» Prompt: Below are some records. Write out exactly their lines from the one with "MARSİLYAN™- iPhone 16" through the one with "E182 French medium", and leave the pictures behind.

» Material for this exercise:
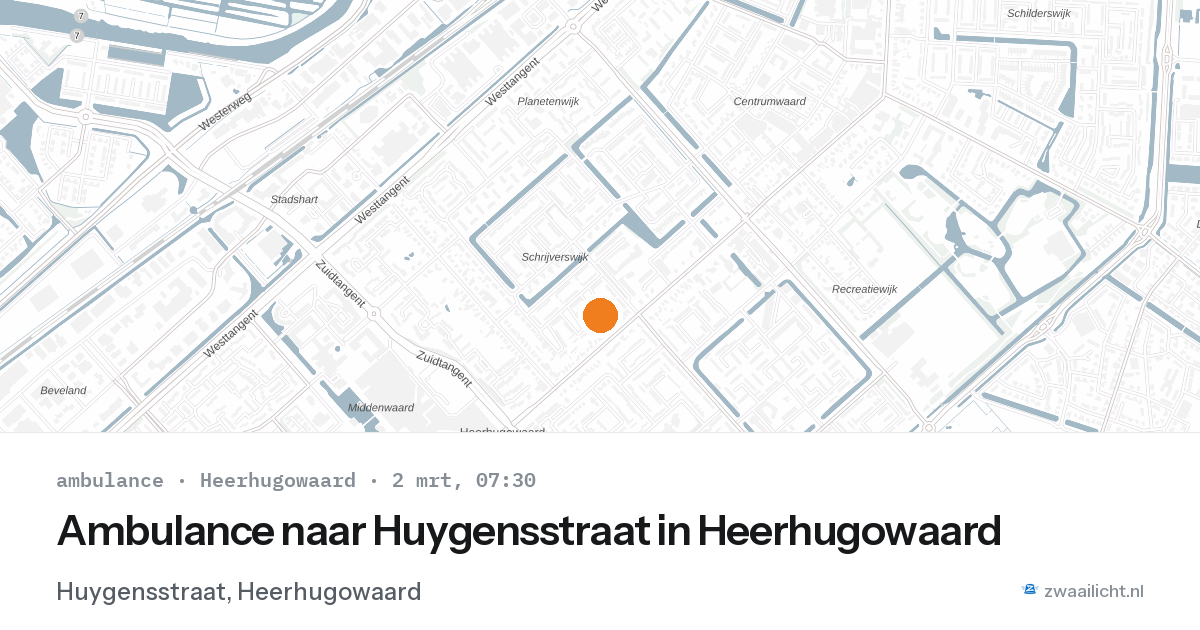 Ambulance naar Huygensstraat in Heerhugowaard — 2 mrt 2026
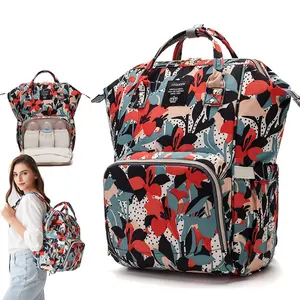 LEQUEEN flower print large size nappy mother nursing baby diaper bag manufacturers in china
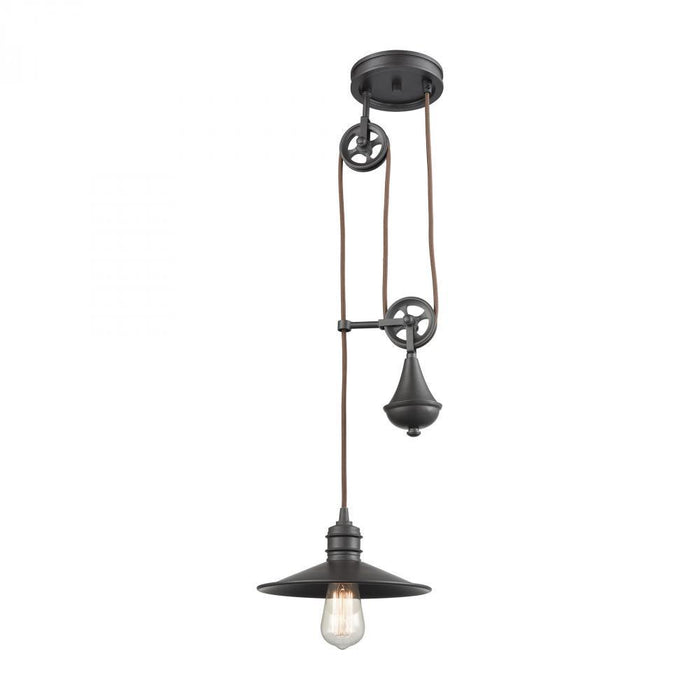 Elk Spindle Wheel 1 Light Adjustable Pendant In Model: 69083/1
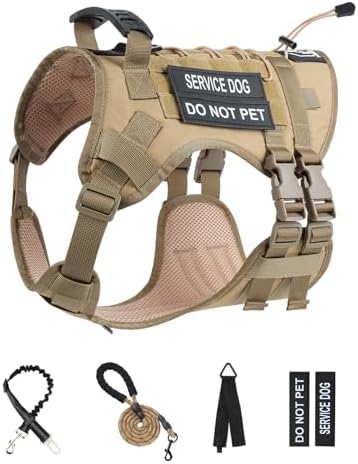 No Pull Tactical Dog Harness for Large Dogs, Service Dog Vest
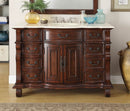 50 inch Antique Style Cherry Wood Hopkinton Bathroom Sink Vanity Creama Marble Top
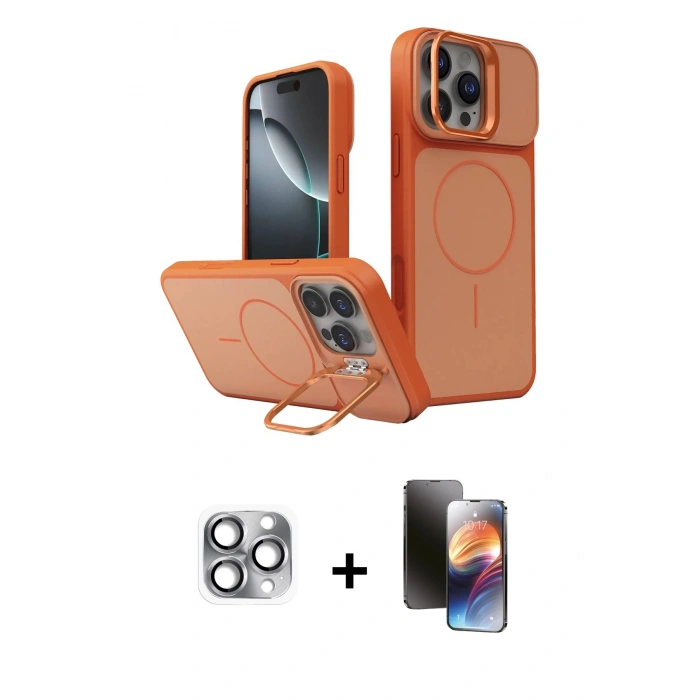 MARSİLYAN™- iPhone 16 Pro Max Kılıf İz Modern Prime - Siyah 3D Antistatik Mat Seramik Nano Ekran Koruyucu + Pers Alüminyum Kamera Lens - GI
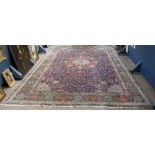 Persian Tabriz carpet, 12'6" x 20" (Note: damaged)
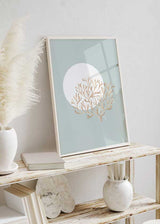 decoración con cuadros, ideas - lamina decorativa de coral sobre fondo azul cielo, cuadro de playa, mar, nordico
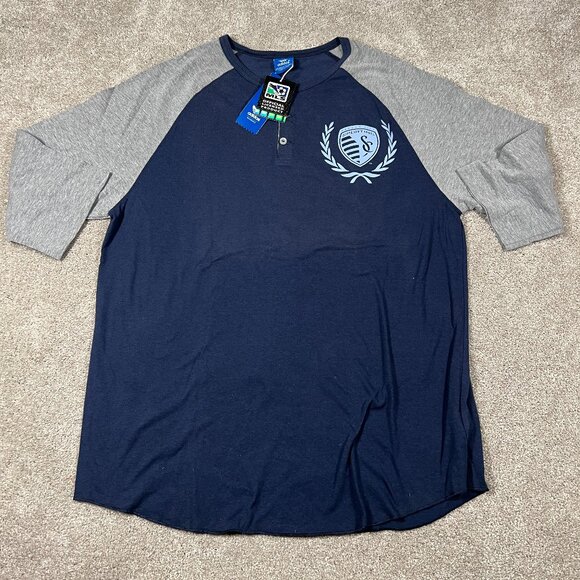 adidas Other - Adidas Mens L Blue Gray Sporting Kansas City MLS Soccer Raglan Sleeve Jersey NWT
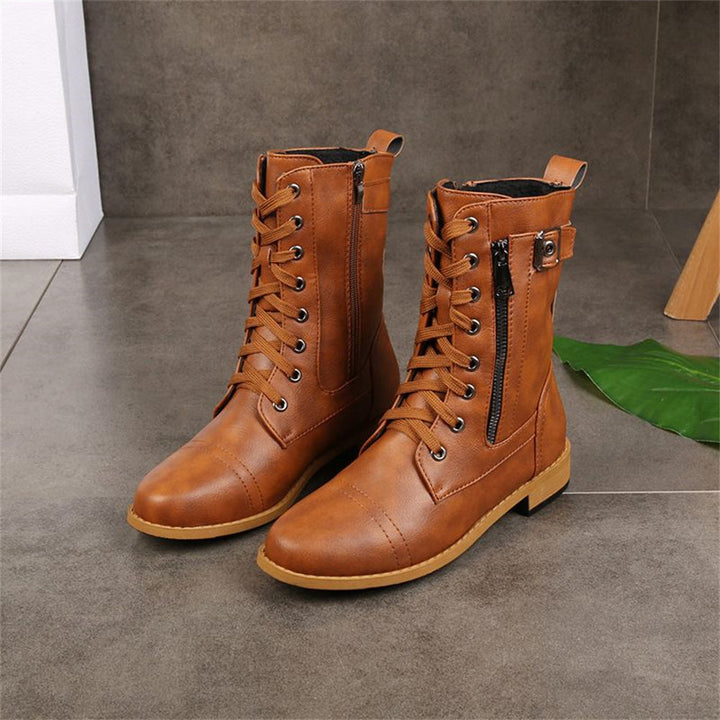 Vesna | Lace-Up Combat Mid-Calf Boots with Side Zip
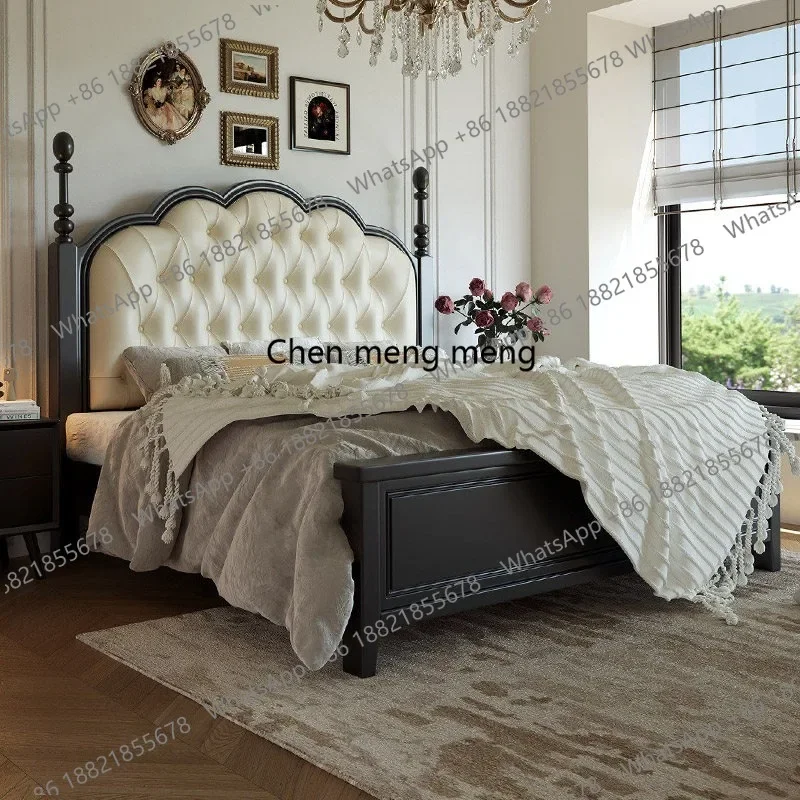 E182 French medium and ancient wind bed soft bag high sense retro American solid wood double wedding bed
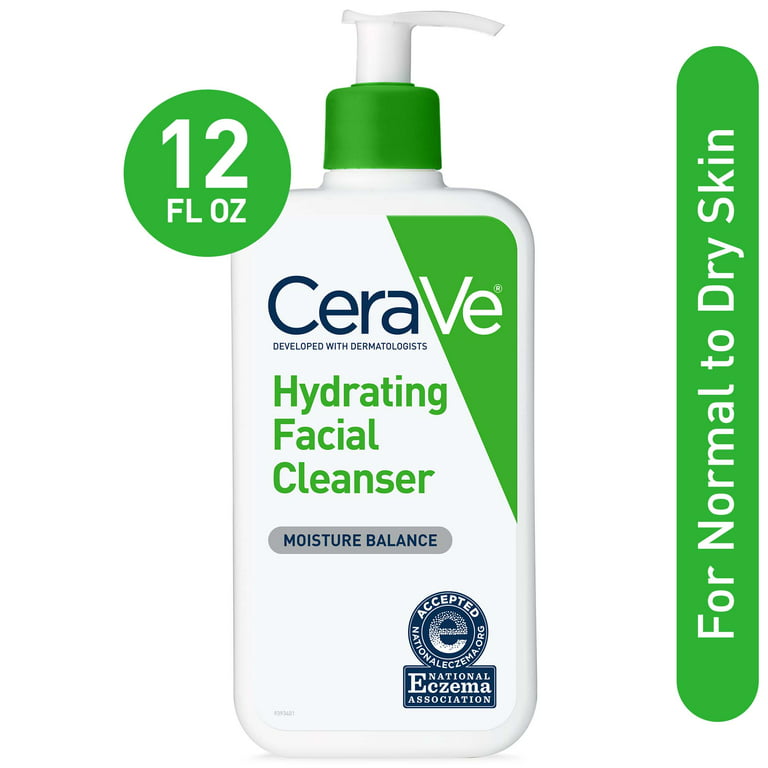 dagsorden universitetsstuderende aflivning CeraVe Hydrating Facial Cleanser, Face Wash for Normal to Dry Skin, 12 fl  oz - Walmart.com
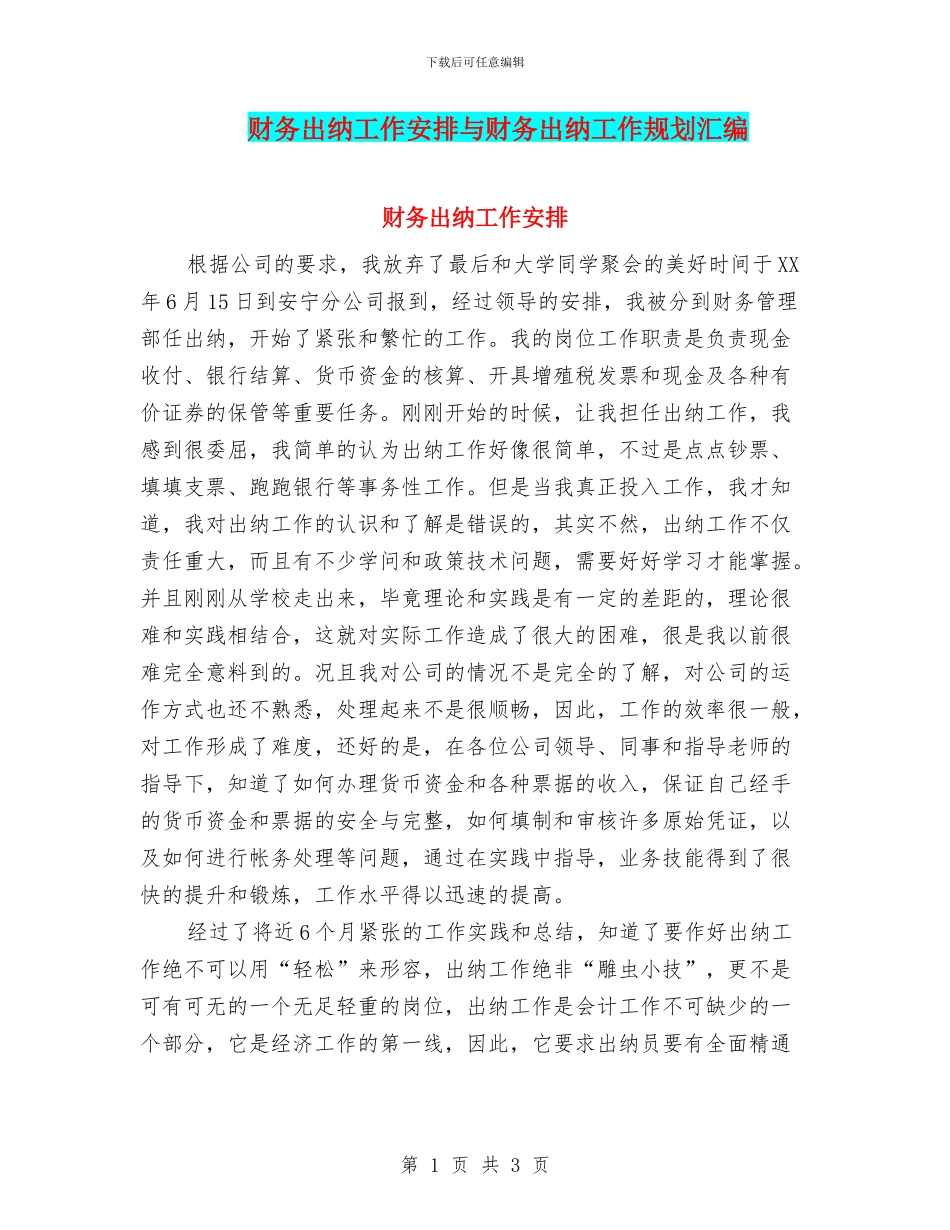 财务出纳工作安排与财务出纳工作规划汇编_第1页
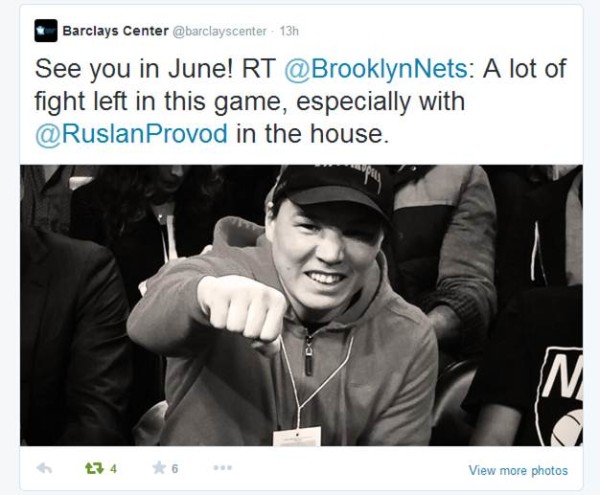 Ruslan Provodnikov Attends Brooklyn Nets Playoff Game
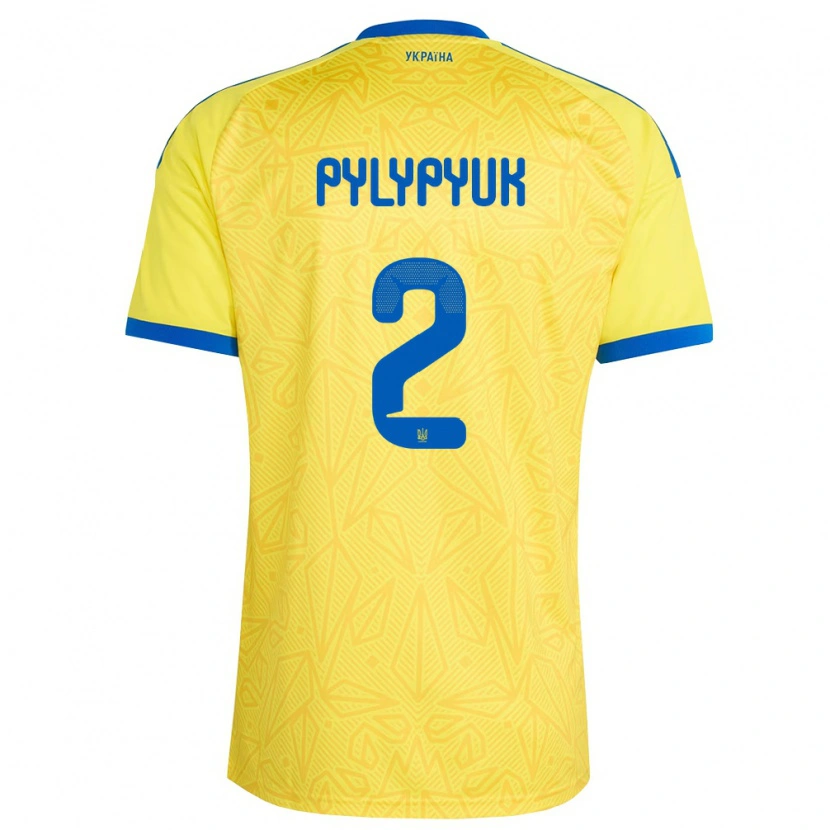 DanxenレディースウクライナOleg Pylypyuk#2黄 青ホームシャツ26-28ジャージーユニフォーム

» Answer area:
 MARSİLYAN™- iPhone 16 Pro Max Kılıf İz Modern Prime - Siyah 3D Antistatik Mat Seramik Nano Ekran Koruyucu + Pers Alüminyum Kamera Lens - GI
 Persian Tabriz carpet, 12'6" x 20" (Note: damaged)
 decoración con cuadros, ideas - lamina decorativa de coral sobre fondo azul cielo, cuadro de playa, mar, nordico
 adidas Other - Adidas Mens L Blue Gray Sporting Kansas City MLS Soccer Raglan Sleeve Jersey NWT
 Vesna | Lace-Up Combat Mid-Calf Boots with Side Zip
 E182 French medium and ancient wind bed soft bag high sense retro American solid wood double wedding bed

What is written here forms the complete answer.